Every line of the material must be given again verbatim. Skip the images.

▶ Given material
= = = =

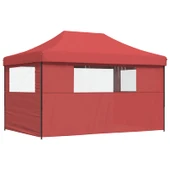 Pop-up парти шатра 4,4 x 2,9 м бордо — оксфорд с PVC — 3 стени — стомана - Thumbnail 5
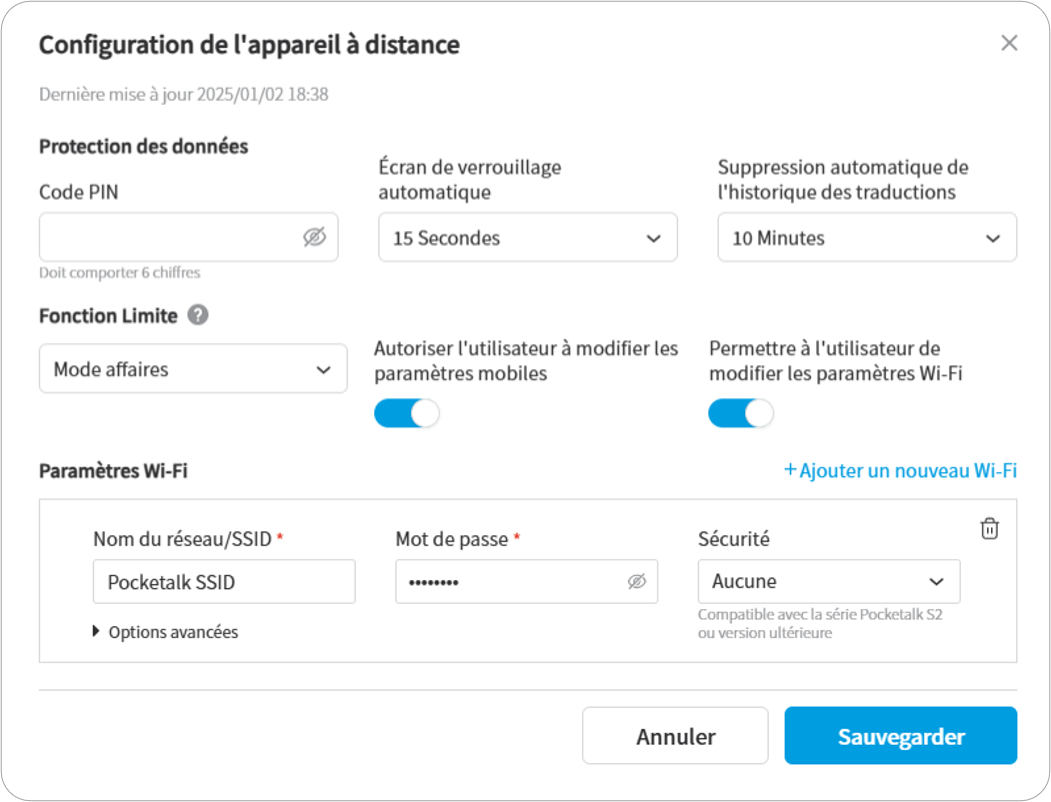 Onglet Paramètres généraux des Réglages à distance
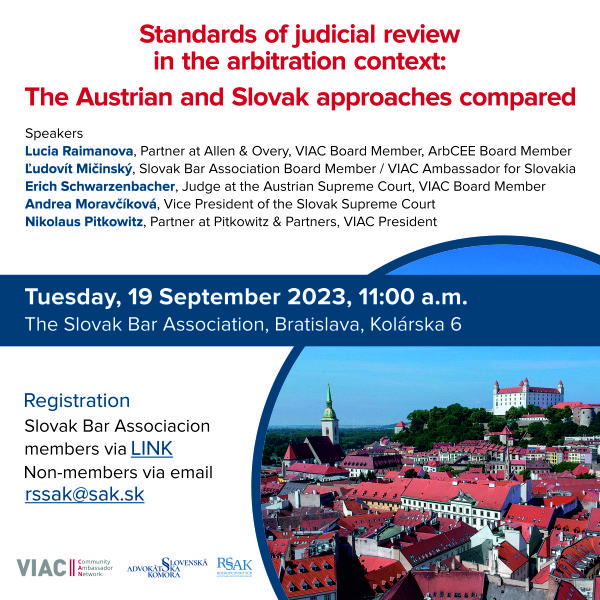 Štandardy súdneho prieskumu v rozhodcovských konaniach (rakúsky a slovenský pohľad) - pozvánka na medzinárodnú konferenciu SAK a VIAC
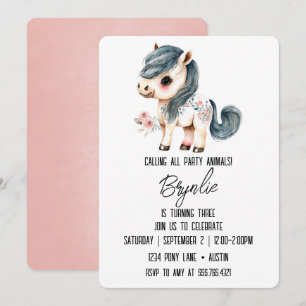 Invitation Petit Anniversaire Poney mignon Cheval Blanc Rose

= = = =

▶ Solved problem
 Pop-up парти шатра 4,4 x 2,9 м бордо — оксфорд с PVC — 3 стени — стомана - Thumbnail 5
 Onglet Paramètres généraux des Réglages à distance
 Štandardy súdneho prieskumu v rozhodcovských konaniach (rakúsky a slovenský pohľad) - pozvánka na medzinárodnú konferenciu SAK a VIAC
 Invitation Petit Anniversaire Poney mignon Cheval Blanc Rose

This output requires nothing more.